Mon quatrième point de synthèse porte sur la nécessité d'améliorer les relations avec France Domaines pour l'évaluation des biens. Il faut se montrer en capacité de discriminer plus nettement, dans la fixation du prix, les opérations de rachat de biens appartenant à des marchands de sommeil et les rachats à des propriétaires occupants en situation de grande difficulté.
Mon cinquième et dernier point concerne les relations avec l'ensemble des professionnels de l'immobilier. Toutes ces démarches ne peuvent prospérer qu'avec des syndics compétents, disponibles - et donc payés correctement -, les administrateurs de biens, les agents immobiliers et les notaires. Il faut que l'information sur le métier de propriétaire soit mieux diffusée.
Mme Frédérique Puissat. - Merci pour ces interventions très denses.
Cela fait plus de cinquante ans que l'on travaille sur ces enjeux. A-t-on travaillé sur les bonnes pistes et réussi à faire changer les choses ? Comment a-t-on fait évoluer nos politiques ces dernières années ? Faut-il tirer des constats d'échec ?
Madame Mancret-Taylor, êtes-vous en mesure d'objectiver une évolution du parc de logements dégradés, que ce soit dans les zones urbaines ou rurales, dans le secteur public ou dans le parc privé ? Constatez-vous une évolution sur les dix dernières années ?
Disposons-nous d'outils d'évaluation suffisants pour voir comment la situation évolue en matière de dégradation, d'un observatoire ? Il est vrai que leur création est souvent vue comme une perte de temps...
Quels sont les principaux obstacles à la réussite de cette politique ? La décentralisation est-elle une piste pour la favoriser ?
Madame Boneu, les EPF sont souvent des outils de portage intéressants.
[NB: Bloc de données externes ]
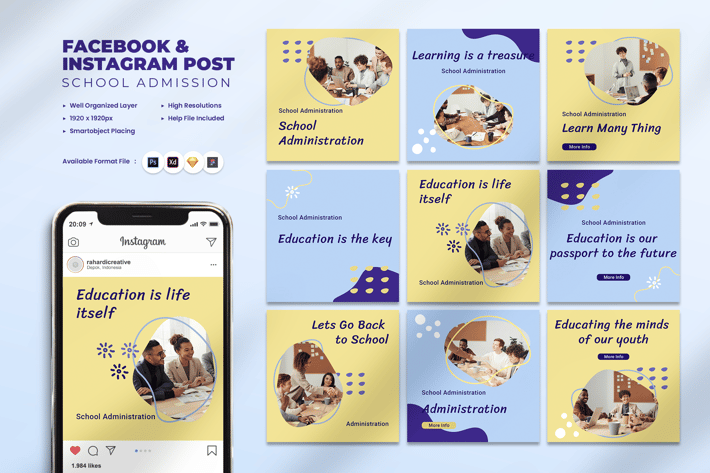 School Admission Instagram Post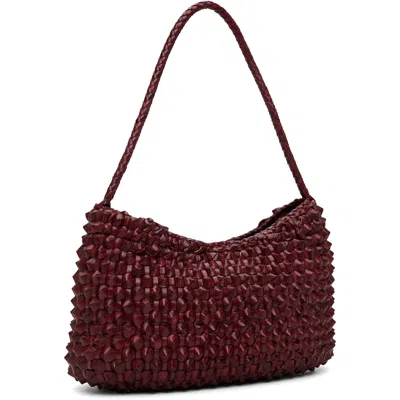 Dragon Diffusion Burgundy Basil Cactus Shoulder Bag In Burgundy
Ils mettent toutefois en oeuvre des dispositifs très lourds qui ne permettent pas toujours d'aller assez vite. En termes de financement, ne faudrait-il pas que des taxes puissent financer les EPF de manière spécifique ?
Monsieur Binet, vous dressez un constat assez sombre de ce qu'il se passe sur le terrain. Vous avez évoqué des pistes, mais je ne suis pas certaine que le nombre d'opérateurs nous permette de gagner du temps. Peut-on réussir à accélérer les procédures ?
Mme Valérie Mancret-Taylor. - La question sur l'évolution du parc est très difficile : tout dépend à partir de quand on veut la mesurer.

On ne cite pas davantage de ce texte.